### The following shows built in environments.

They are categorized into several categories like classic control (Cartpole, pendulum) which are canonical environments used in textbooks, Box2D which is a 2D physics engine for games, ToyText which is a small and simple environment used to debug RL algorithms (blackjack), etc. 

In [1]:
import gymnasium as gym
import numpy as np
import torch
for i in gym.envs.registry.keys():
    print(i)

CartPole-v0
CartPole-v1
MountainCar-v0
MountainCarContinuous-v0
Pendulum-v1
Acrobot-v1
phys2d/CartPole-v0
phys2d/CartPole-v1
phys2d/Pendulum-v0
LunarLander-v3
LunarLanderContinuous-v3
BipedalWalker-v3
BipedalWalkerHardcore-v3
CarRacing-v3
Blackjack-v1
FrozenLake-v1
FrozenLake8x8-v1
CliffWalking-v0
Taxi-v3
tabular/Blackjack-v0
tabular/CliffWalking-v0
Reacher-v2
Reacher-v4
Reacher-v5
Pusher-v2
Pusher-v4
Pusher-v5
InvertedPendulum-v2
InvertedPendulum-v4
InvertedPendulum-v5
InvertedDoublePendulum-v2
InvertedDoublePendulum-v4
InvertedDoublePendulum-v5
HalfCheetah-v2
HalfCheetah-v3
HalfCheetah-v4
HalfCheetah-v5
Hopper-v2
Hopper-v3
Hopper-v4
Hopper-v5
Swimmer-v2
Swimmer-v3
Swimmer-v4
Swimmer-v5
Walker2d-v2
Walker2d-v3
Walker2d-v4
Walker2d-v5
Ant-v2
Ant-v3
Ant-v4
Ant-v5
Humanoid-v2
Humanoid-v3
Humanoid-v4
Humanoid-v5
HumanoidStandup-v2
HumanoidStandup-v4
HumanoidStandup-v5
GymV21Environment-v0
GymV26Environment-v0


In [4]:
env = gym.make("CartPole-v1", render_mode='human')

In [5]:
print("observation space: ", env.observation_space)

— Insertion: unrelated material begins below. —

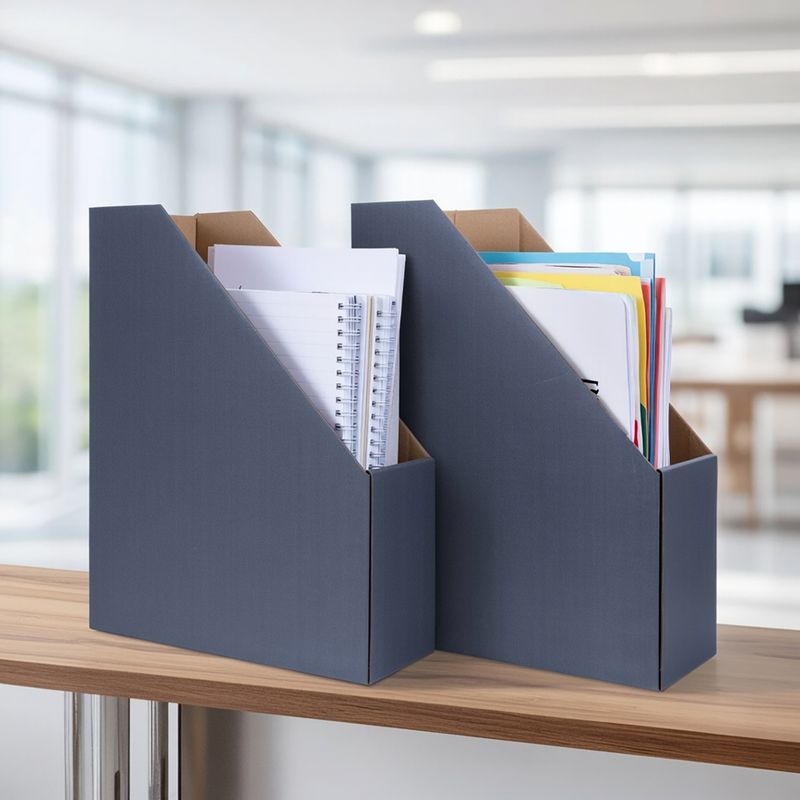 Набор лотков для бумаг, 2 шт.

observation space:  Box([-4.8               -inf -0.41887903        -inf], [4.8               inf 0.41887903        inf], (4,), float32)


This observation space has 4 dimensions. Which are:

* Cart Position (-4.8, 4.8)
* Cart Velocity (- to +)
* Pole angle (-0.4189, +0.4189)
* Pole angular velocity (- to +)

In [6]:
observation, info = env.reset()
print("observation: ", observation)

  from pkg_resources import resource_stream, resource_exists


observation:  [ 0.0454559   0.00248629  0.04908514 -0.01469923]


In [7]:
print("action space: ", env.action_space)

action space:  Discrete(2)


This means there are a total of two actions an agent can take.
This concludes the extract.